To generate the matrix with two-stage or three-stage paths, we can take the power matrix M^2 or M^3 of matrix M using technology.
Generating the sum of rows of the dominance power matrices can be used to interpret the results of a game for example.
Suppose, in a certain round-robin tournament where everyone plays everyone else once, we summarise the results in a digraph and matrix M.
The 1-stage paths, expressed by M, can be thought of as direct information about rankings between any two players. For example, we might claim that A is better than C, because A beats C in a game.
The 2-stage paths, expressed by M^2, can be thought of as indirect ranking information. So for example we might say that A is most likely to be better than C because A beat B, and consequently B beat C.
The 3-stage paths, expressed by M^3, also contain indirect ranking information. A might possibly be better than C because A beat B, and B beat D who subsequently beat C.

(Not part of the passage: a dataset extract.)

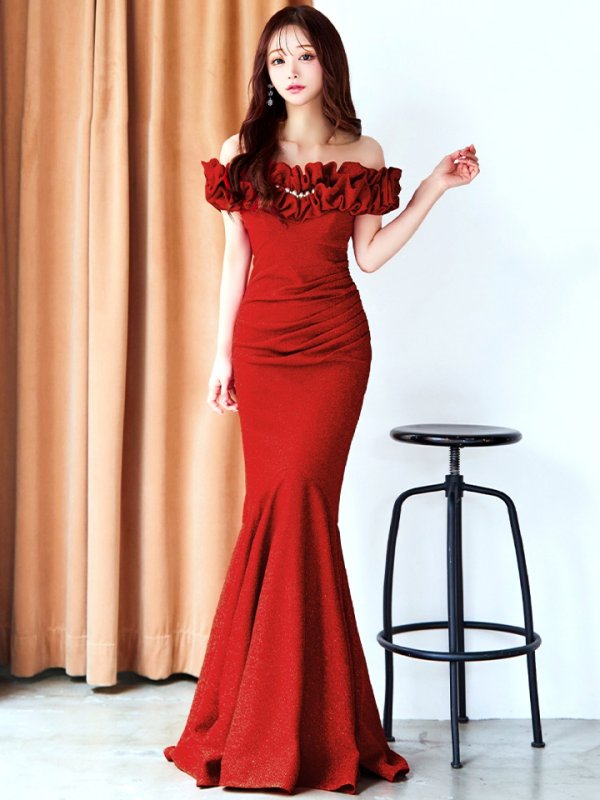 ダークレッド モデル：真優川咲　身長：158cm:8号(Sサイズ)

Now one possible ranking strategy for the entire group of players might be to initially rank players according to the row sums of M. Then in an attempt to split tied results, check the row sums in the matrix sum M+M^2 of the tied players. If some players are still tied, check the row sums of those players with the matrix M+M^2+M^3. Continue in this manner to see if all ties can be eliminated.
Another alternative strategy is to form the rank by weighting the indirect information in some arbitrary way. For example, before the competition starts, alert all players that the ranking will be formed according to the row sums of the matrix R=M+0.5M^2+0.25M^3. The rationale for doing so, is that indirect information is not as conclusive as direct match results. The size of the weightings is again arbitrary.
Consider the network diagram below.
Create the dominance matrix, M, for this network.
Find the second stage dominance matrix M^2 using technology or otherwise.
To rank the players, find T=M+M^2 using technology or otherwise.
Determine the dominant node for the network according to T.
We can add the resulting dominant matrices to predict split tied results in competitions for example.
The dominant node has the highest sum rows of added dominance matrices.